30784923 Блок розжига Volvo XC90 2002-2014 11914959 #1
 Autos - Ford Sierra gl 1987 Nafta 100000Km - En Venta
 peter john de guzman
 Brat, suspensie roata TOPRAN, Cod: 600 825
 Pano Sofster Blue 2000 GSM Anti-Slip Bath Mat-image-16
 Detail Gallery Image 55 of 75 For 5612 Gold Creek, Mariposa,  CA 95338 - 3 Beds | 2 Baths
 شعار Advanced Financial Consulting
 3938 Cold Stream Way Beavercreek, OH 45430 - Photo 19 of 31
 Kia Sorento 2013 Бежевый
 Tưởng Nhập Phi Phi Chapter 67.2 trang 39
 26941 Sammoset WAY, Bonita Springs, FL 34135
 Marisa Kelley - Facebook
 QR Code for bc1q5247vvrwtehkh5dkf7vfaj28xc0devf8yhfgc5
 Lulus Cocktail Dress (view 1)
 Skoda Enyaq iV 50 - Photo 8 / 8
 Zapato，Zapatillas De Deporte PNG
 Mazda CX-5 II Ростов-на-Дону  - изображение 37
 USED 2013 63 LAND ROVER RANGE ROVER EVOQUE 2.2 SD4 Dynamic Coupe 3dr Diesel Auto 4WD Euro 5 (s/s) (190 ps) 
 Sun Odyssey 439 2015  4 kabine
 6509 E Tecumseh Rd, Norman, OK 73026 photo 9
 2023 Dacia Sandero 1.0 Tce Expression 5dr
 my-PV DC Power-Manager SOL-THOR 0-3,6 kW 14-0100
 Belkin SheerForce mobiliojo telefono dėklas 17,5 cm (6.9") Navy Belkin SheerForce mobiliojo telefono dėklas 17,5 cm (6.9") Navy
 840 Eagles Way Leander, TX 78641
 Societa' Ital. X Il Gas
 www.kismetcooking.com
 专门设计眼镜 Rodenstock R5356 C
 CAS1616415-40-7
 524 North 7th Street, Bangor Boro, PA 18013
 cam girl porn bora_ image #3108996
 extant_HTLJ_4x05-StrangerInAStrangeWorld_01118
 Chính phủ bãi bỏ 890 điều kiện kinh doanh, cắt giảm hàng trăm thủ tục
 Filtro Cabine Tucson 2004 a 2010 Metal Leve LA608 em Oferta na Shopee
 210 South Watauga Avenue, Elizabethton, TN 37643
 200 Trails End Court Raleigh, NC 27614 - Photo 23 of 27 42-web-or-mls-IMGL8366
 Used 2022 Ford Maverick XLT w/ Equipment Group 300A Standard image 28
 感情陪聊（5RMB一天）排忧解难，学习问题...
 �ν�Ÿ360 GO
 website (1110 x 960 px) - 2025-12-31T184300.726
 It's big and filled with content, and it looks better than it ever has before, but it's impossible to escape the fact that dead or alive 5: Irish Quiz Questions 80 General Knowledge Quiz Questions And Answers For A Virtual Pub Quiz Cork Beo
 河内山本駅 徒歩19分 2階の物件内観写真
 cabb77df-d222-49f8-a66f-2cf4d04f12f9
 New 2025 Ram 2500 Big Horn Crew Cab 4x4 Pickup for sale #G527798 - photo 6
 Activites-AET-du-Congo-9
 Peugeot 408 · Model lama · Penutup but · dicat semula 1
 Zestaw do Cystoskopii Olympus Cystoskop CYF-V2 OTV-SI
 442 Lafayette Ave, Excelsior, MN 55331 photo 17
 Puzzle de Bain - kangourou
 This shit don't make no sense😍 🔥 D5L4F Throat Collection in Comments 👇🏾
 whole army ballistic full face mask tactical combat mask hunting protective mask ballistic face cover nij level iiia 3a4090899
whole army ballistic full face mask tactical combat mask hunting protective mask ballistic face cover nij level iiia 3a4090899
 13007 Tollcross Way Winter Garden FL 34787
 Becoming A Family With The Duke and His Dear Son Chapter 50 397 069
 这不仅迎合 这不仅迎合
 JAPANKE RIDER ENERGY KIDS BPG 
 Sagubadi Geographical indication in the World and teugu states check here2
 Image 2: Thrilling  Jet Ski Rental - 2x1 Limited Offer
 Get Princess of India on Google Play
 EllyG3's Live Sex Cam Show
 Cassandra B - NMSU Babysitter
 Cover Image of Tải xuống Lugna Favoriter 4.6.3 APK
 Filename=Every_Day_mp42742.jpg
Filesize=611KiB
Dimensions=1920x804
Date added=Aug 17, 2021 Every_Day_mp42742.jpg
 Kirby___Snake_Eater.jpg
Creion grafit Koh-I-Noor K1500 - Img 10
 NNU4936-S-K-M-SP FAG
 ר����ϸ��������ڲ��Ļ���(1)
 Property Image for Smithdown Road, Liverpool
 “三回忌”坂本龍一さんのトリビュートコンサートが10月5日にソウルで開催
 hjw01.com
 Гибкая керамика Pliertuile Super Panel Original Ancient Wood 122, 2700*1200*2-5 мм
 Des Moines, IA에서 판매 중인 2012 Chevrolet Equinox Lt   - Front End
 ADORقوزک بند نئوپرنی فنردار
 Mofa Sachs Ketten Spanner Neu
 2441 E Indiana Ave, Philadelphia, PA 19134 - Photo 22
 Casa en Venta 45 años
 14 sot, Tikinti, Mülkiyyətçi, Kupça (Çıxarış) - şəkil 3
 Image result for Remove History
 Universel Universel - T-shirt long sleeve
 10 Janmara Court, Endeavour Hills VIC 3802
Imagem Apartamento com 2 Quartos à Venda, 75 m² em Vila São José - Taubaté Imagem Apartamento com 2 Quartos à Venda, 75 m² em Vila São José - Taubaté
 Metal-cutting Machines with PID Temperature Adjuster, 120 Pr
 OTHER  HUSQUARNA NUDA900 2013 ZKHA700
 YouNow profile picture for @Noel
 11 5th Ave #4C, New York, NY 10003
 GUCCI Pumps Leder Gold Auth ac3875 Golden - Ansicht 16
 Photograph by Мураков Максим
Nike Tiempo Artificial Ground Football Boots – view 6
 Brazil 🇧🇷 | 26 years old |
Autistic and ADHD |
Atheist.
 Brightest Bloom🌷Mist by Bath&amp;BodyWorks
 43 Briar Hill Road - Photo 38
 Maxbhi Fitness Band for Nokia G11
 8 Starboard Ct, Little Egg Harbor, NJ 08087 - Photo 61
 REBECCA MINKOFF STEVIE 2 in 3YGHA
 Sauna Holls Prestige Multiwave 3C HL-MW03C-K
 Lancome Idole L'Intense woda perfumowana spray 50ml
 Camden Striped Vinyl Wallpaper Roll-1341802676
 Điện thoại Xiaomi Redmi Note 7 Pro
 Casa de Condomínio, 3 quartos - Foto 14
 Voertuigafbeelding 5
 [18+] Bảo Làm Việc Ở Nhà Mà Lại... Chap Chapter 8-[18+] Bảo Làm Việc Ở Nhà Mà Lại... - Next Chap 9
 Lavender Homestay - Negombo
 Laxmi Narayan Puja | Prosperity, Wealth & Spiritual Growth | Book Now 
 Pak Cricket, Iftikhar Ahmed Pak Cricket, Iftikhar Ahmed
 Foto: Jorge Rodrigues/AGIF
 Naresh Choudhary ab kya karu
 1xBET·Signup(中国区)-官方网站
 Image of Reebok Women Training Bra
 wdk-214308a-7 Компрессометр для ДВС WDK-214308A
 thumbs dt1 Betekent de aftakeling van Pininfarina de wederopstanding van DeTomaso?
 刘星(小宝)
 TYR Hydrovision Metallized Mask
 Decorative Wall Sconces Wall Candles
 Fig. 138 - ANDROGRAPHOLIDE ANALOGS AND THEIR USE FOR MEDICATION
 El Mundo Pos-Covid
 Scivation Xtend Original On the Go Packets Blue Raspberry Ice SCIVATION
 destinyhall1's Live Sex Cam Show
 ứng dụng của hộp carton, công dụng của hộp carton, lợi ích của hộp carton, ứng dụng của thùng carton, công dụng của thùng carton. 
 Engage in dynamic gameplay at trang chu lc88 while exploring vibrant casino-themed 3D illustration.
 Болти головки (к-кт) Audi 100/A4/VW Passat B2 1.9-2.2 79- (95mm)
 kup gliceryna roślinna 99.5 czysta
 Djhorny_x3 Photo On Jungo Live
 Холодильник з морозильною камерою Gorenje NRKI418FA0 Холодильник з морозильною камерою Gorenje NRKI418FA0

### Directions for this task
Up to and including the line with "my-PV DC Power-Manager", please return the records exactly, beginning from their first line.

### Task answer
30784923 Блок розжига Volvo XC90 2002-2014 11914959 #1
 Autos - Ford Sierra gl 1987 Nafta 100000Km - En Venta
 peter john de guzman
 Brat, suspensie roata TOPRAN, Cod: 600 825
 Pano Sofster Blue 2000 GSM Anti-Slip Bath Mat-image-16
 Detail Gallery Image 55 of 75 For 5612 Gold Creek, Mariposa,  CA 95338 - 3 Beds | 2 Baths
 شعار Advanced Financial Consulting
 3938 Cold Stream Way Beavercreek, OH 45430 - Photo 19 of 31
 Kia Sorento 2013 Бежевый
 Tưởng Nhập Phi Phi Chapter 67.2 trang 39
 26941 Sammoset WAY, Bonita Springs, FL 34135
 Marisa Kelley - Facebook
 QR Code for bc1q5247vvrwtehkh5dkf7vfaj28xc0devf8yhfgc5
 Lulus Cocktail Dress (view 1)
 Skoda Enyaq iV 50 - Photo 8 / 8
 Zapato，Zapatillas De Deporte PNG
 Mazda CX-5 II Ростов-на-Дону  - изображение 37
 USED 2013 63 LAND ROVER RANGE ROVER EVOQUE 2.2 SD4 Dynamic Coupe 3dr Diesel Auto 4WD Euro 5 (s/s) (190 ps) 
 Sun Odyssey 439 2015  4 kabine
 6509 E Tecumseh Rd, Norman, OK 73026 photo 9
 2023 Dacia Sandero 1.0 Tce Expression 5dr
 my-PV DC Power-Manager SOL-THOR 0-3,6 kW 14-0100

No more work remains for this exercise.